Janice Chen is having an amazing career, and it’s just beginning. She’s only 30 years old and is the co-founder and chief technology officer of Mammoth Biosciences, a company that develops diagnostic tests using CRISPR gene editing. Mammoth is now worth $1 billion, and Chen hopes to steer the company to a $100 billion valuation.
She’s already attracted tons of recognition. She’s been selected for:
- MIT Technology Review 35 Innovators Under 35
- Ernst & Young Entrepreneur of the Year
- Forbes 30 Under 30 in Healthcare
- Business Insider’s 30 Under 40 in Healthcare
- SF Business Times Most Influential Women
- Endpoints Top 20 Women in Biopharma
- TEDx, where she gave a talk on the potential for CRISPR gene editing to democratize diagnostic tests
And yet, as hard as it may be to believe, she is not the most famous person in her family – at least not yet. That honor goes to her little brother, Nathan Chen, who dazzled the world with his championship figure skating performances at the 2022 Olympics.
She is not even the most well-known person at Mammoth. Jennifer Doudna, who won a Nobel Prize in 2020 for her pioneering work in discovering CRISPR gene editing, is one of Chen’s three other co-founders at Mammoth. Doudna was also Chen’s mentor when the younger scientist was getting her Ph.D. at UC Berkeley, working as a graduate student researcher at Doudna’s lab.
Chen grew up in Salt Lake City. Her father had a small biotech business that sparked Chen’s interest in the field. Besides Nathan, she has three other siblings. Her drive to excel emerged early in her life. As a child, she played competitive chess, competed in dance, and played the violin.
Doudna received her undergraduate degree in molecular and cellular biology at Johns Hopkins University and conducted research at Harvard Medical School. At Berkeley, she studied how CRISPR gene editing works, specifically how CRISPR recognizes and cuts its targets – information that was used to develop more precise detection technology.

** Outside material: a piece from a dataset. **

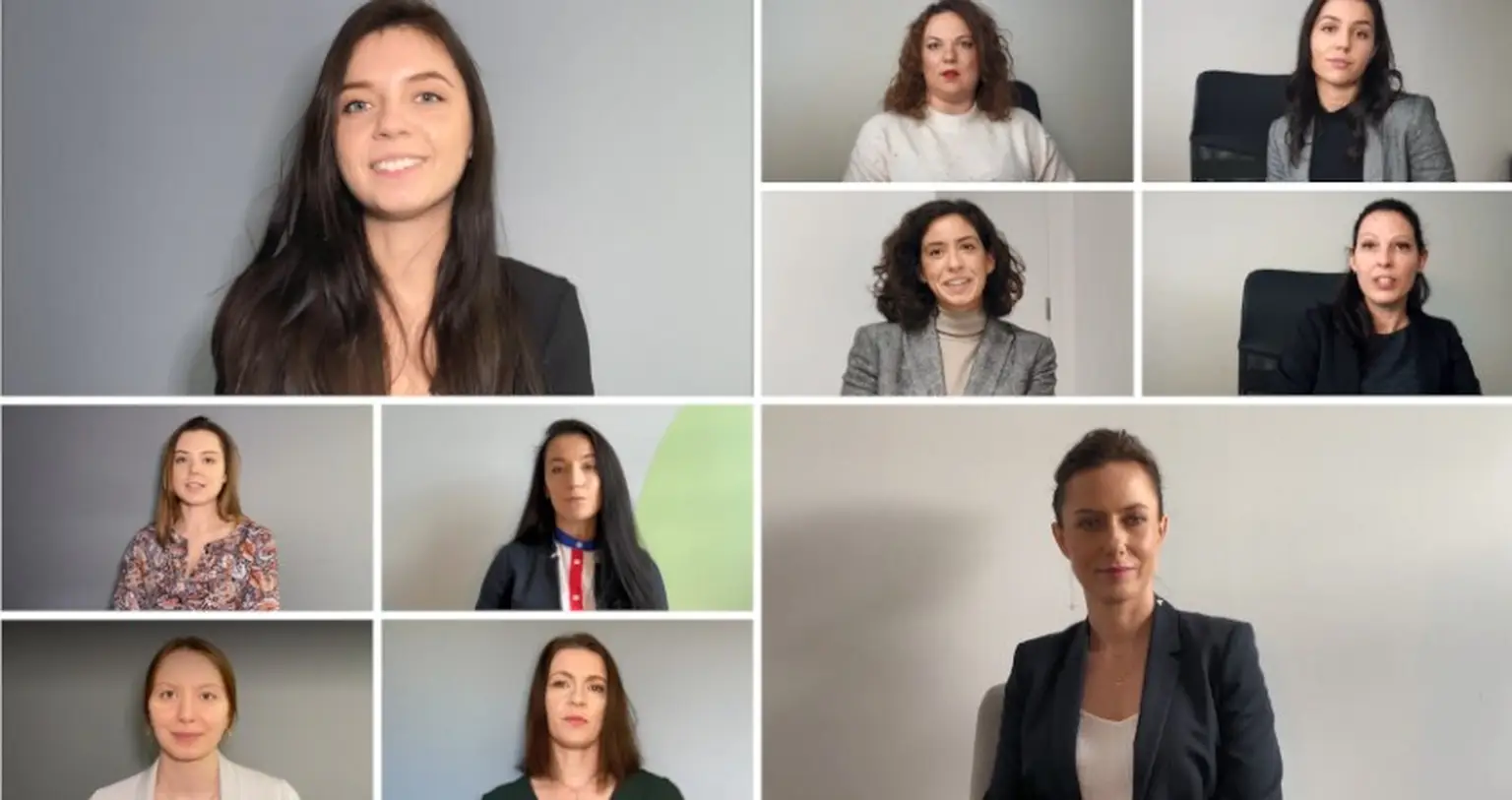 Women during a webinar about being a Vital Impact in the growth of Pratia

Now, Mammoth Biosciences is forging ahead with the technology developed at Doudna’s lab. The company is growing rapidly, recently making large deals with Bayer, Vertex Pharmaceuticals, Tim Cook from Apple, and the venture capital firm Mayfield. On her LinkedIn profile, Chen describes what Mammoth does as “harnessing the diversity of nature” to create “the next generation of CRISPR products” and enable “the full potential … to read and write the code of life.”
Mammoth Biosciences is among the most well-funded of companies working with CRISPR technology. During the pandemic, the company received grants from the National Institutes of Health to work on technology for testing for Covid.
As she focuses on Mammoth’s business strategy, Chen has stepped out of the lab. She is known for her ability to take scientific discoveries and turn them into successful commercial products. In addition to Covid testing, Mammoth’s projects include developing tests and cures for liver disease and using CRISPR technology to advance other healthcare applications, environmental monitoring, agriculture, and biodefense.
Like her company, Janice Chen has a bright and prosperous future ahead.